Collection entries
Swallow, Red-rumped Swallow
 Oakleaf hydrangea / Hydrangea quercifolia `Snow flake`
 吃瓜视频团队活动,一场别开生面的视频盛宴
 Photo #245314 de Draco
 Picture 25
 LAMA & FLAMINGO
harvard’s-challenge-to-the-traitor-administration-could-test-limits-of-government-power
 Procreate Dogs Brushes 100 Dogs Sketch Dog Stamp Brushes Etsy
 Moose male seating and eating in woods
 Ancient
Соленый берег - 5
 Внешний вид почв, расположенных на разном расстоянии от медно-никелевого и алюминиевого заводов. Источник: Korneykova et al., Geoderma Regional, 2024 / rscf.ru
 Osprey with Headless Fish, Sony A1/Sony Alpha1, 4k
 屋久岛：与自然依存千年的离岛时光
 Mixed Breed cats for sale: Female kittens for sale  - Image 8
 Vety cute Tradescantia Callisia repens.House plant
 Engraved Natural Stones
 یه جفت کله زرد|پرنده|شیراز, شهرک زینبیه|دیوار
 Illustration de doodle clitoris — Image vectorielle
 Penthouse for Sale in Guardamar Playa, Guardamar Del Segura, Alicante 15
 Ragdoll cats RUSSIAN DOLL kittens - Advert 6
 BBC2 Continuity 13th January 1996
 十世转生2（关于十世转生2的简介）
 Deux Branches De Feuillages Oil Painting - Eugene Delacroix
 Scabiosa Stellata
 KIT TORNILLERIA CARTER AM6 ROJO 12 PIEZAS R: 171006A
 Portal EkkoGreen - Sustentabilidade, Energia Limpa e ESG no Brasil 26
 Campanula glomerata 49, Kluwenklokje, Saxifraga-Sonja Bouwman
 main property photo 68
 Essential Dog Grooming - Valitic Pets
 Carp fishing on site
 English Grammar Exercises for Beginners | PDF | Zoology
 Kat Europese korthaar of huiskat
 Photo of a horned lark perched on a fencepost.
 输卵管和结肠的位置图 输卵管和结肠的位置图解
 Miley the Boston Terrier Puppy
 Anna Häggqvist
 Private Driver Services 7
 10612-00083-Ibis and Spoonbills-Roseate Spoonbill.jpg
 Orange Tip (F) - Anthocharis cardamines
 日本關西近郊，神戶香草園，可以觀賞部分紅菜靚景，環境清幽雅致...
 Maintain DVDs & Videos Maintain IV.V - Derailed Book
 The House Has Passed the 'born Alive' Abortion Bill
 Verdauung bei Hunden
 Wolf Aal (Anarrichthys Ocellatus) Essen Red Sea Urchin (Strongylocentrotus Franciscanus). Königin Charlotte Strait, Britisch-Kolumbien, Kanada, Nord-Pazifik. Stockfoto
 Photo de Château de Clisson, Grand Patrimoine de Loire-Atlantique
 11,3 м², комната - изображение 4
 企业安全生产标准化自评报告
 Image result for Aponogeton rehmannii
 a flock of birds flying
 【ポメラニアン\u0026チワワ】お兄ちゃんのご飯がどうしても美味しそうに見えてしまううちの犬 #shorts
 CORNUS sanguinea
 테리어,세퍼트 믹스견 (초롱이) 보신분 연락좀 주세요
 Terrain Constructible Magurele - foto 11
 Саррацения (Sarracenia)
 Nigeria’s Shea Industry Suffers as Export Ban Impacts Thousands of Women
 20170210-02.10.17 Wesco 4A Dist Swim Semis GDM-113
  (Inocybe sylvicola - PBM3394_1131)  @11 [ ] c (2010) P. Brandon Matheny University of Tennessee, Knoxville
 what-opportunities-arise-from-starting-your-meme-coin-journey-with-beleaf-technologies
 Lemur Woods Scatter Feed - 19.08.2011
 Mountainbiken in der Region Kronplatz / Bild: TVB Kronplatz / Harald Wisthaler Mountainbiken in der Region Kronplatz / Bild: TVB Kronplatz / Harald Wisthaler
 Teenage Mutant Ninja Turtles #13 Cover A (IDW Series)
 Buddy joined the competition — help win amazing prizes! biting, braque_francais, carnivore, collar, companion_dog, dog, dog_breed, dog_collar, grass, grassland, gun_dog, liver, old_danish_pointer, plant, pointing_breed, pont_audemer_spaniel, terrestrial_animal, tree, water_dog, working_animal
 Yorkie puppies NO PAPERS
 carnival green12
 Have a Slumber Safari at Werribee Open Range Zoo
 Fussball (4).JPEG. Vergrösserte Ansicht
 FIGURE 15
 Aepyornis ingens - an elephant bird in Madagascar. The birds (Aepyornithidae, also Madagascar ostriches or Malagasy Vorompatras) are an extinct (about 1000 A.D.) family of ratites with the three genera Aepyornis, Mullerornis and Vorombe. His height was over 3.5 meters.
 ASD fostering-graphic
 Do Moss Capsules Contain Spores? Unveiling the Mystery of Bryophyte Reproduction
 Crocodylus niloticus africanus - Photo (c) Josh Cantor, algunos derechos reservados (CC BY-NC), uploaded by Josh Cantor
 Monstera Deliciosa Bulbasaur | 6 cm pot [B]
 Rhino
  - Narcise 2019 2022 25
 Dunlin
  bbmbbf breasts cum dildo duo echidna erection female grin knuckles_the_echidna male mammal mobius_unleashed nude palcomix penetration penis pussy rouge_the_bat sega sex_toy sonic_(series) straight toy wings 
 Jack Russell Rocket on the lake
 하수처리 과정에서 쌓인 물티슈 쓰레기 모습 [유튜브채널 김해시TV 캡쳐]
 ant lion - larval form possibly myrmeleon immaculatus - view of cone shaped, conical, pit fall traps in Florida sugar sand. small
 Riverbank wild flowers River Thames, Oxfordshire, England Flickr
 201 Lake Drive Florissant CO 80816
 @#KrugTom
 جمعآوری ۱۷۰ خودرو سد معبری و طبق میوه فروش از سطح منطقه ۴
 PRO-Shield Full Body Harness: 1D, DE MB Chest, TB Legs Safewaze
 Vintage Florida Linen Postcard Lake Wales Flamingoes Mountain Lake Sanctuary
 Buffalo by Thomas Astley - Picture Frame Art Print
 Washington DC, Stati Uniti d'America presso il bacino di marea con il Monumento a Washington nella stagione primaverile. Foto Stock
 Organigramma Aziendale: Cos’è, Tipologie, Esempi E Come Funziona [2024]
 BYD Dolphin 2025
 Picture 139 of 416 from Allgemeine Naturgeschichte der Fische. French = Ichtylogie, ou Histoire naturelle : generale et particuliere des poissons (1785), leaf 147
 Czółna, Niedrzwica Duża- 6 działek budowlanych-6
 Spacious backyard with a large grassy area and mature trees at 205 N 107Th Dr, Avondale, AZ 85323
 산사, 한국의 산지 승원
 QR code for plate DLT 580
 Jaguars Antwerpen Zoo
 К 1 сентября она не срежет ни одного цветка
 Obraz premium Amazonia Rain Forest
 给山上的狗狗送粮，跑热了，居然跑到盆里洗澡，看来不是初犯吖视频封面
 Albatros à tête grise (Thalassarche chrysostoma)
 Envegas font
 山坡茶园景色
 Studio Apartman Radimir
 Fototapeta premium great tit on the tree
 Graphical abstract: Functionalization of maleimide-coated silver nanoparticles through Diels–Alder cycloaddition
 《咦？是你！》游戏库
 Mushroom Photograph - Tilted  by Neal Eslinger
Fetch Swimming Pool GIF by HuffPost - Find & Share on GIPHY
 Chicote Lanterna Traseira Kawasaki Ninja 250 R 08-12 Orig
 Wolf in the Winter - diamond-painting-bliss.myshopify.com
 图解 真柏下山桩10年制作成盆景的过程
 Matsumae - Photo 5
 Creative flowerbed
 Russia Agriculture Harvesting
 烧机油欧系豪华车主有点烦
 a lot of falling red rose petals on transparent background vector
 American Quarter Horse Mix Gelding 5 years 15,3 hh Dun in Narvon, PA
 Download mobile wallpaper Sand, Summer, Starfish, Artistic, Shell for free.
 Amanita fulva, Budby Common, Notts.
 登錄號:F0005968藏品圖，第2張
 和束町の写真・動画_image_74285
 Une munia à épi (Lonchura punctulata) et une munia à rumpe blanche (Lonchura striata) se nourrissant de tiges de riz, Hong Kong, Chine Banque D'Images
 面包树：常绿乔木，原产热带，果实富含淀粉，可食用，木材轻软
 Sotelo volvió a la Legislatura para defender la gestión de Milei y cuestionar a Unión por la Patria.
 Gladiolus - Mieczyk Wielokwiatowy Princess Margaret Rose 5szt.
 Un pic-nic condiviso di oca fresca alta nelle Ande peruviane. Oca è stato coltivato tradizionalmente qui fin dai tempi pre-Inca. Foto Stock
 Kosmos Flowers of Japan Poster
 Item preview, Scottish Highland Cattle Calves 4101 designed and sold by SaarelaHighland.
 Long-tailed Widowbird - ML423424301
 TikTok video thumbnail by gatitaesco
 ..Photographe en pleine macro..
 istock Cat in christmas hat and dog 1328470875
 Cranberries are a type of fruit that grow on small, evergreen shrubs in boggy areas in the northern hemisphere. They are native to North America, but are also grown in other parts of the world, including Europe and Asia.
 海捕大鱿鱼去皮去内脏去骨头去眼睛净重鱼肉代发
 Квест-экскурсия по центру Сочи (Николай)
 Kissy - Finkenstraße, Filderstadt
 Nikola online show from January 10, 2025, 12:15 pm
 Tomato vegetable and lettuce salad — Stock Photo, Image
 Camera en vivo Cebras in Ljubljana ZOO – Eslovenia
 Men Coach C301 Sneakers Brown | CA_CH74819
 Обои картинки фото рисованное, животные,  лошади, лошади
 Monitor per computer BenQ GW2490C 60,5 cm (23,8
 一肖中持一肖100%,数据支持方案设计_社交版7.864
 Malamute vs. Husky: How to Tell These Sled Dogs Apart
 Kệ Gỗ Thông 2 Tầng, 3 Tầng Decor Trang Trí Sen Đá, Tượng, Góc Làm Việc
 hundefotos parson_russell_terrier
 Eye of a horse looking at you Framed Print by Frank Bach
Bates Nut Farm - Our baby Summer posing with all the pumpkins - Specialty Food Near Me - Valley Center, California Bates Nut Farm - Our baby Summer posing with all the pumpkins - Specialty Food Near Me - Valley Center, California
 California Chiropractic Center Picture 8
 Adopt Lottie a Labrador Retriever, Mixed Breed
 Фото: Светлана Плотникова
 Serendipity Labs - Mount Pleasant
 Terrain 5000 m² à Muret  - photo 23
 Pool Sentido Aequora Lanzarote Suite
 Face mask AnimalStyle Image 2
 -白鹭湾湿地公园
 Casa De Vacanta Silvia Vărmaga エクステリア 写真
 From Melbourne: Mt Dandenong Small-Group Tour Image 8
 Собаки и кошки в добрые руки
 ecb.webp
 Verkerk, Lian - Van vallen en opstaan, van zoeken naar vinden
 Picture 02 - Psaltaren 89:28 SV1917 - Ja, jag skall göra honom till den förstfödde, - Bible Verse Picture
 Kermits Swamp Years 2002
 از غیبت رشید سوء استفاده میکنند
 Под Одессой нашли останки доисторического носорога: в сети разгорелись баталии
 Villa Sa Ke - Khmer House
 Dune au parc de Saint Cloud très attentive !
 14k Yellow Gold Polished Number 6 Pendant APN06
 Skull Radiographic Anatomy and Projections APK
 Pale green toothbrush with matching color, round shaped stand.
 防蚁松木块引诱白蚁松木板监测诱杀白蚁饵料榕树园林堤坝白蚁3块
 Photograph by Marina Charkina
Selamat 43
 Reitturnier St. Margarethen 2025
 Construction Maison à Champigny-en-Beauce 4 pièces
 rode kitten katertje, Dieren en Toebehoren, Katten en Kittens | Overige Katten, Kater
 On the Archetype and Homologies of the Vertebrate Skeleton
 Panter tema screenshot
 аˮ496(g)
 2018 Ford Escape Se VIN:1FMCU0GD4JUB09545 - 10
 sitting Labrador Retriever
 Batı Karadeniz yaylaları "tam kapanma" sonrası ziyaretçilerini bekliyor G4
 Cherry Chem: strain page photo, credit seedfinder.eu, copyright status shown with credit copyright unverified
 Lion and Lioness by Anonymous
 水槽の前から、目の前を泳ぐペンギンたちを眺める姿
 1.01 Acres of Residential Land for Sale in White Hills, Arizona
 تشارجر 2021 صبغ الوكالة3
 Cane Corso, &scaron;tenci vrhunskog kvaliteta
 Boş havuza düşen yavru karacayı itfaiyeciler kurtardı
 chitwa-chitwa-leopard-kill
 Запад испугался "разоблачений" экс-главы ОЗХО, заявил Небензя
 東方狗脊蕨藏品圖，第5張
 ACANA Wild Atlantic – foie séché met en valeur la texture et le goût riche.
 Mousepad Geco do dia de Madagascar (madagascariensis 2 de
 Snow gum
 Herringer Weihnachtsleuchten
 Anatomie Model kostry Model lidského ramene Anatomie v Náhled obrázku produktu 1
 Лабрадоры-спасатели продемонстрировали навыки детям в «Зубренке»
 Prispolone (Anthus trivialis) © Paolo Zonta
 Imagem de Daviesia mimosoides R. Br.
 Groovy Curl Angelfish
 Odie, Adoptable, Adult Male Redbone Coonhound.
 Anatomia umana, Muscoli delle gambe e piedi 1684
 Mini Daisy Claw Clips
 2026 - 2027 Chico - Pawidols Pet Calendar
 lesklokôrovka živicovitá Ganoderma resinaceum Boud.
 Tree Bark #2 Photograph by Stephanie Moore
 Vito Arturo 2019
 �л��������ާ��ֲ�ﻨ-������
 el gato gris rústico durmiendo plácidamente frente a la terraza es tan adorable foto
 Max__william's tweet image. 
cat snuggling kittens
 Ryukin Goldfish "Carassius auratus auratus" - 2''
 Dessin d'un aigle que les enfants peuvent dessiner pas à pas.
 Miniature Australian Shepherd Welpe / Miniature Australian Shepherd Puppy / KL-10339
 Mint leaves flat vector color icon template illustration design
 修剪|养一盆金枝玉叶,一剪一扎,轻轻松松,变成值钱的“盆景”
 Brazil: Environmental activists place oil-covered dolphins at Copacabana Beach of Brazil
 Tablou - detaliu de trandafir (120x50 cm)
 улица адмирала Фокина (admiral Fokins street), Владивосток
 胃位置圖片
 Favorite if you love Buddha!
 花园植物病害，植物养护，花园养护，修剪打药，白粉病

Exercise goal
Please show every line of the entries above that contains the word "Picture".

Written response
 Picture 25
 Buffalo by Thomas Astley - Picture Frame Art Print
 Picture 139 of 416 from Allgemeine Naturgeschichte der Fische. French = Ichtylogie, ou Histoire naturelle : generale et particuliere des poissons (1785), leaf 147
 California Chiropractic Center Picture 8
 Picture 02 - Psaltaren 89:28 SV1917 - Ja, jag skall göra honom till den förstfödde, - Bible Verse Picture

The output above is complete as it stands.